The Brewers seem kind of sensitive about "Monsters, Inc./Beast Mode" when asked for comment. Certainly manager Ron Roenicke worries. They don't want to appear to be showing up the other team, like when they got backlash for Fielder's game-winning home run celebration against the Giants in 2009. Back then, he pretended to be the atom bomb and the rest of the Brewers were the fake town in the desert obliterated during nuclear testing.
Genius, but easily interpreted as rubbing it in. This is a little more low-key.
Braun tried to explain:
"We have a lot of fun," Braun said. "The 'beast mode' thing is something that we do for each other to kind of get fired up whenever something positive happens. And I think it's kind of taken on a life of its own. But it's something that we all enjoy doing."
And they're not going to stop just because some curmudgeons might get offended at their celebrating a big moment.
"You don't stop being who you are just because it's the playoffs," Lucroy said.

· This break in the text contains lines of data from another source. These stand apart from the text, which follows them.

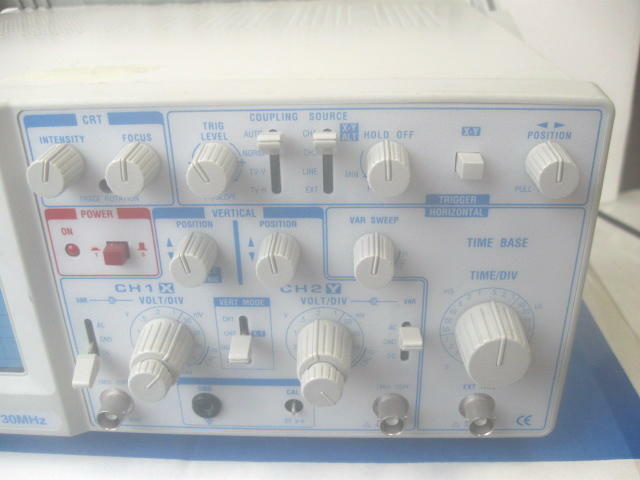 BK Precision 2120B Dual Trace 30MHz Analog Oscilloscope - Clean w/ box, manual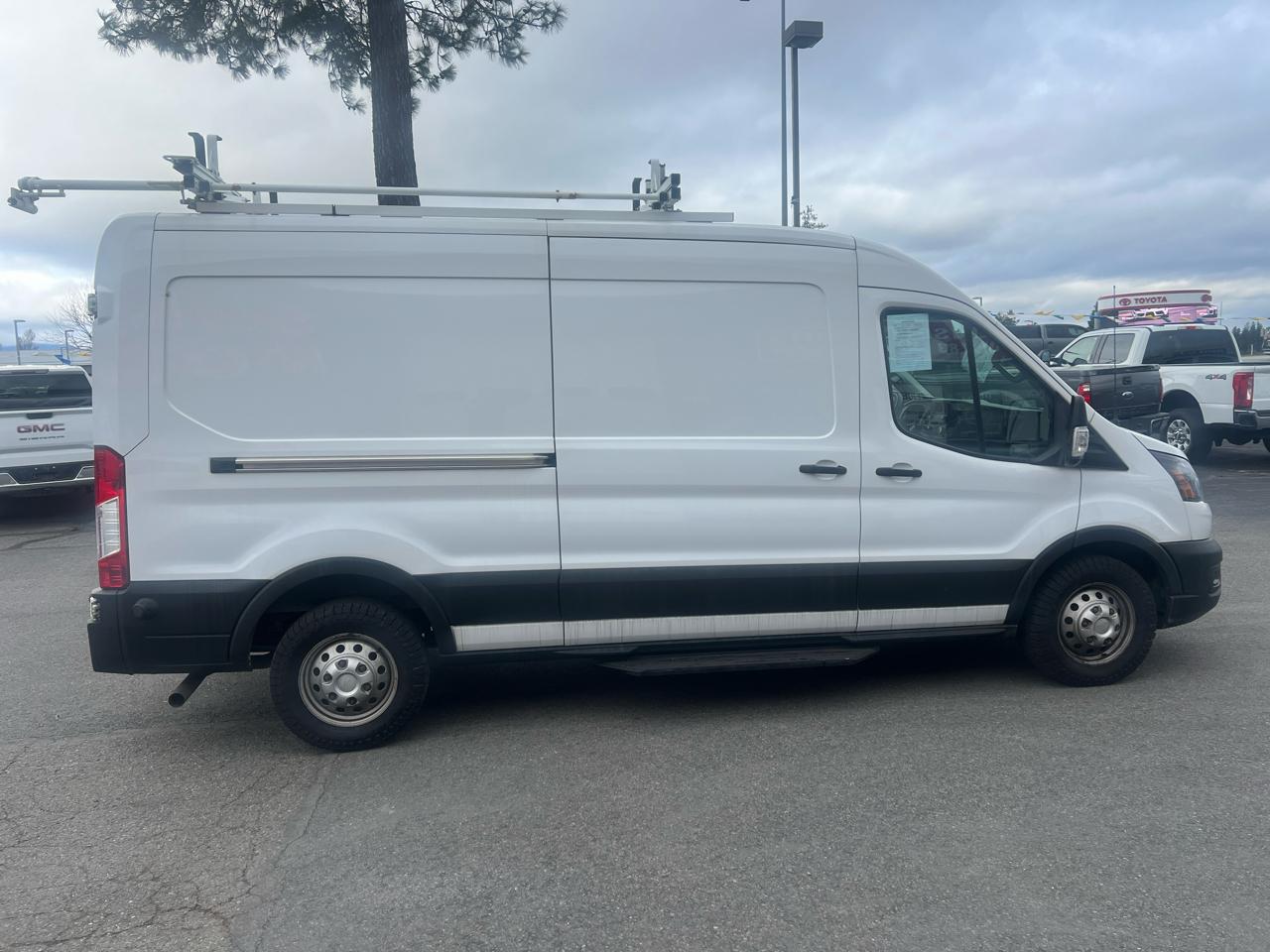 Ford Transit Cargo Van T-250 148" Med Rf 9070 GVWR AWD 2022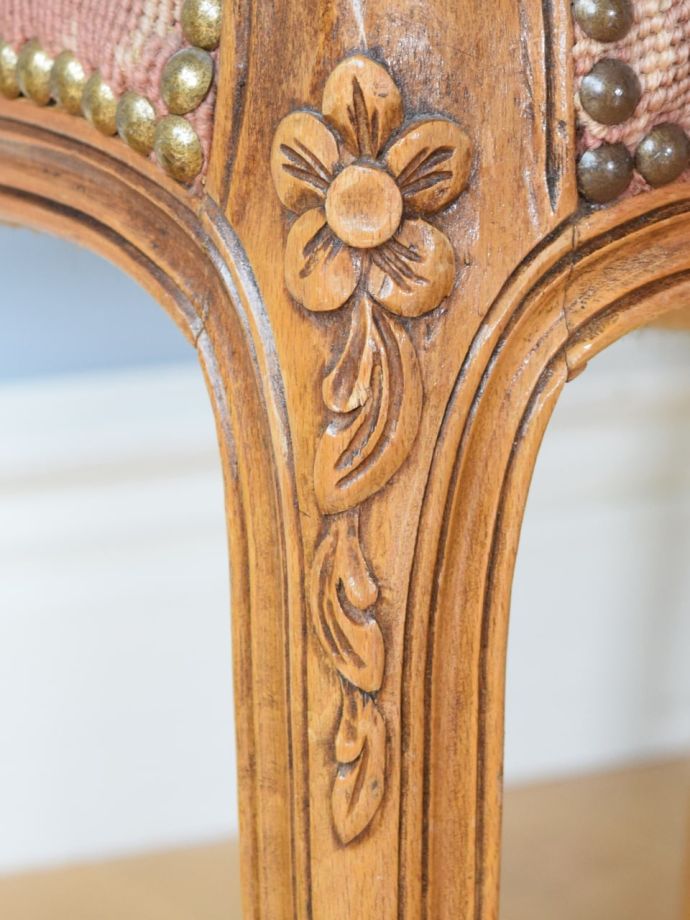 アンティークらしい装飾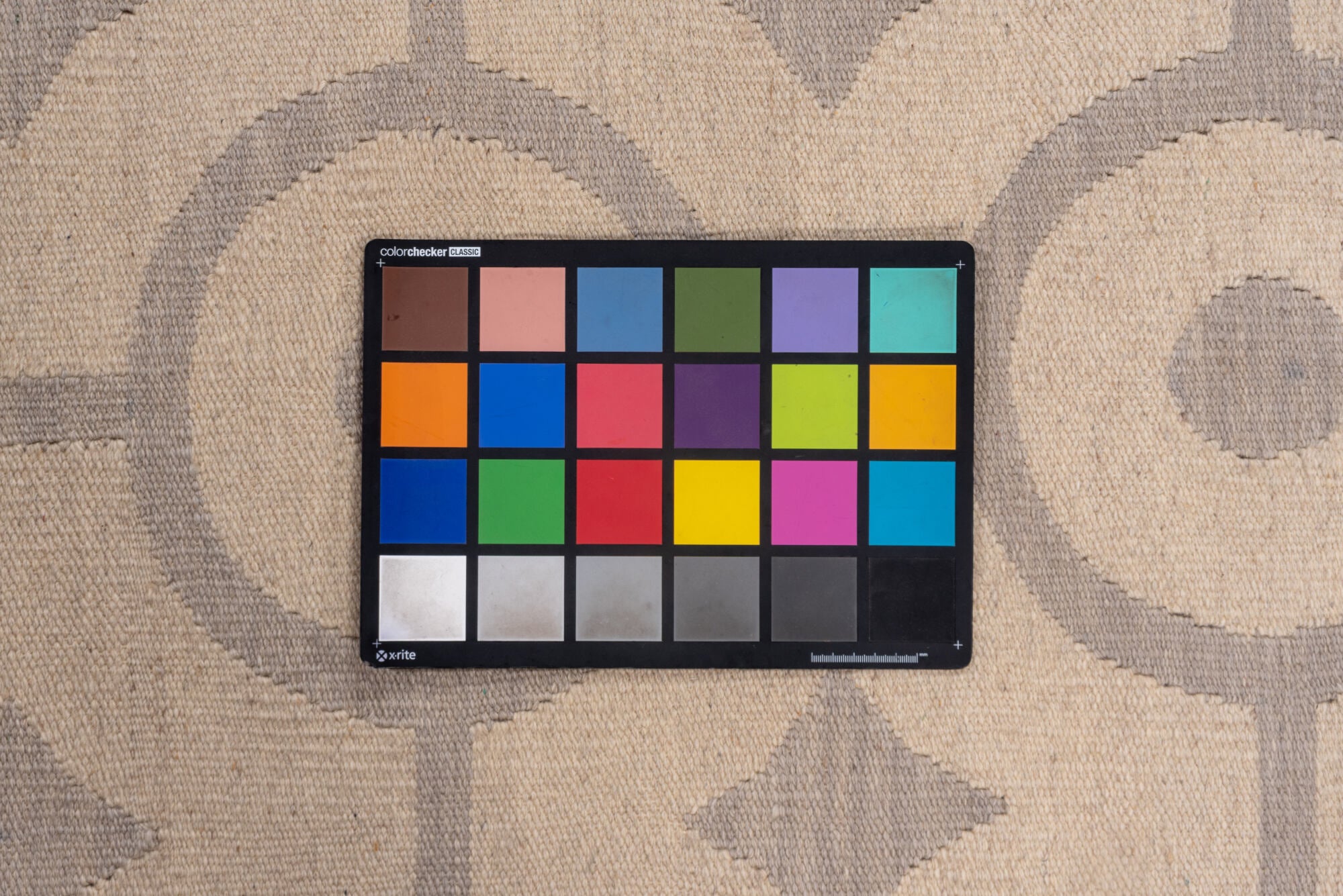 6' x 9' one-of-a-kind handmade vintage Kilim medium size rug. Color palette: brown, gainsboro, gray, light gray, off-white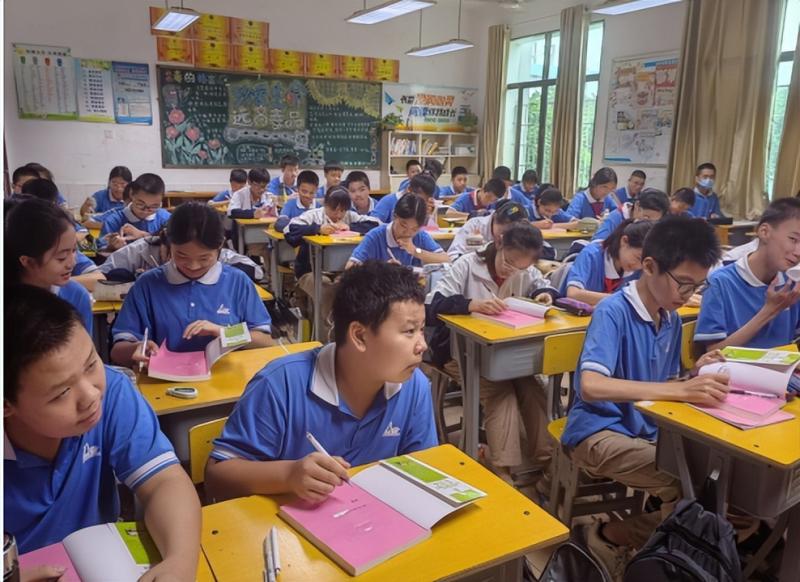 书香悠远传真情 湘吐共筑知识桥 —— 湘潭市第十六中学向新疆吐鲁番市高昌区葡萄沟镇洋沙中学捐书活动 书香悠远传真情 湘吐共筑知识桥 —— 湘潭市第十六中学向新疆吐鲁番市高昌区葡萄沟镇洋沙中学捐书活动
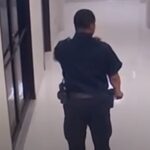 Imagem relacionada a Segurança de prédio em Houston, Texas, é flagrado conversando com entidade invisível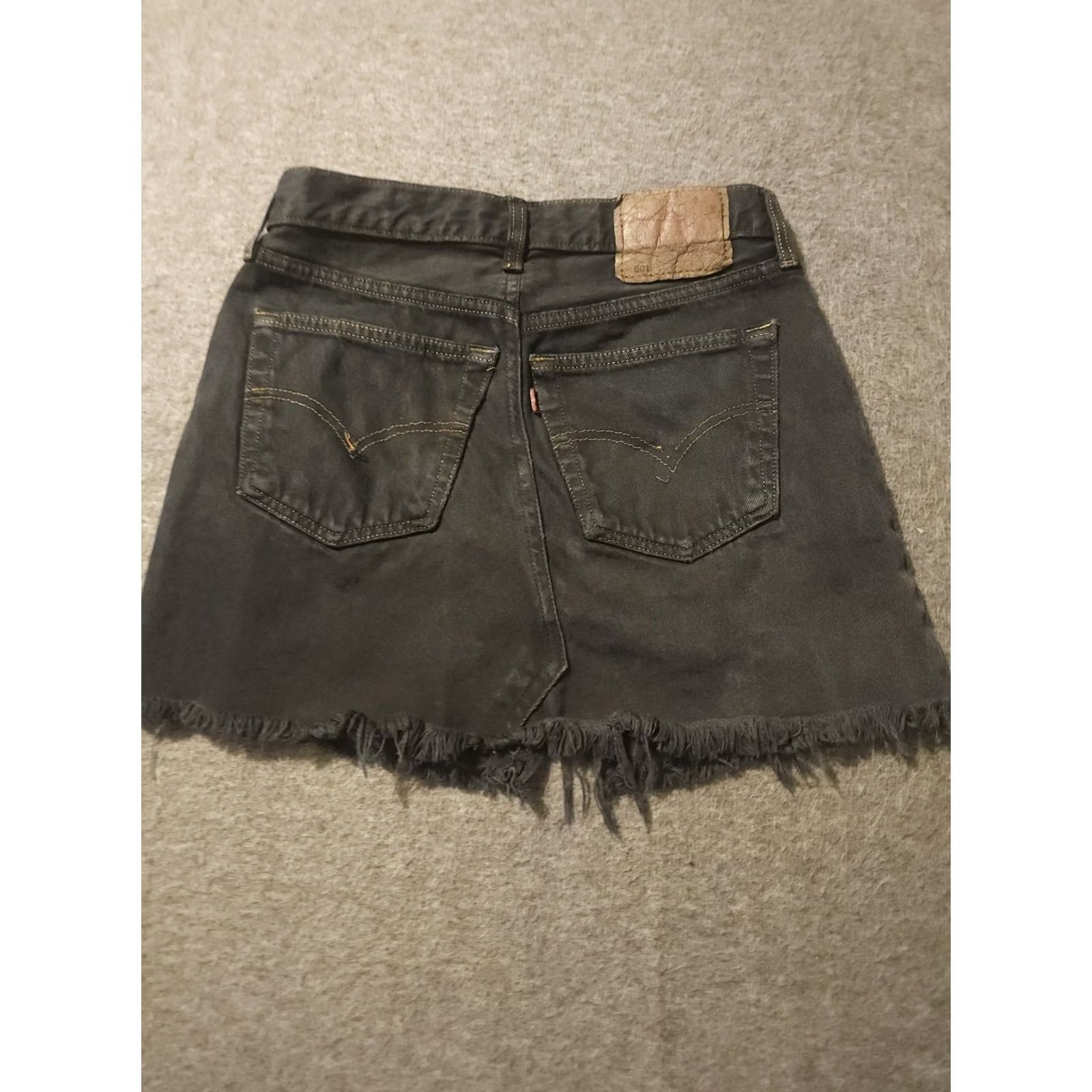 Levi's VINTAGE Levi's Skirt Womens 4 Denim High Rise Black Button Fly Pockets 501 UK 90s Bohemian Short Mini Mens? Size 27" / US 4 / IT 40 - 6 Thumbnail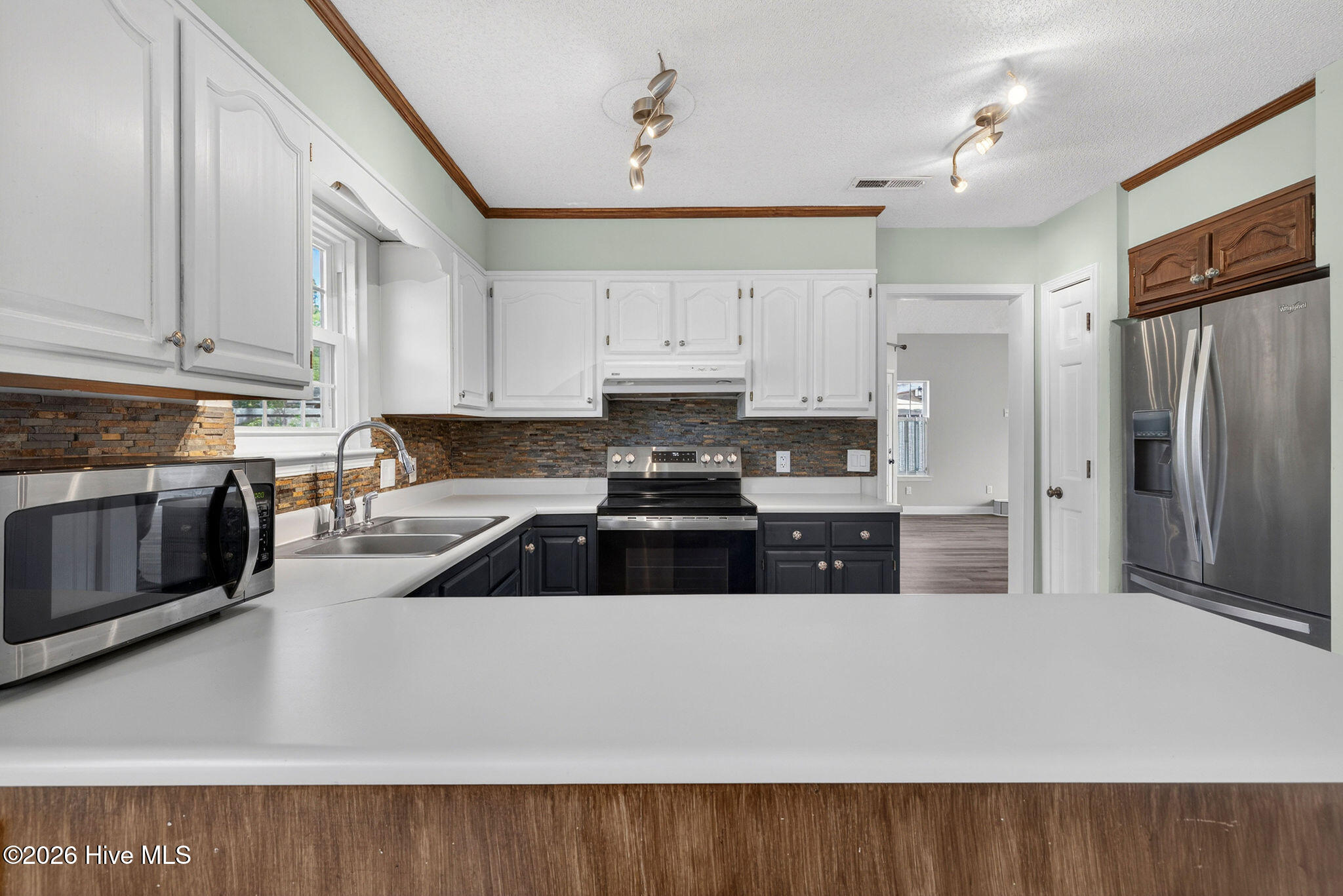 100567707 | Photo 29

If the motion reminds you of "The Claw," made famous by the Texas Rangers in 2010, yeah, well you're not the only one. But do the Rangers do any roaring? No, they do not. And it's usually just one claw. Looks like they're throwing a grenade. The Brewers make two claws. Totally different, like when Vanilla Ice sampled "Under Pressure" and turned it into "Ice Ice Baby." It's not even the same song!
Fielder wants to be singing a different tune in these playoffs than in 2008, when the Brewers got in as the wild card on the last day and got beat in four games by the Phillies. Fielder went 1 for 14 and said he was miserable the whole series.
"I was trying to enjoy the moment," Fielder said. "Just trying to enjoy it. You know, it's still baseball. Just more magnified, I guess. I'm just trying to enjoy fans, teammates, just really trying to have as much fun as possible and not make it a job. Not try to win so hard. Just try to enjoy it.
"Of course, you'd like to have this kind of day, a first day of the playoffs, but it was more like I said before. In '08, in my mind, I felt like it was a one-game playoff every game. I felt, when we lost, that the series was over every time. Today, like I said, I was just trying to enjoy it. We've got five-game series. It's still baseball, man."
Played by human and — in the Brewers' case — beast.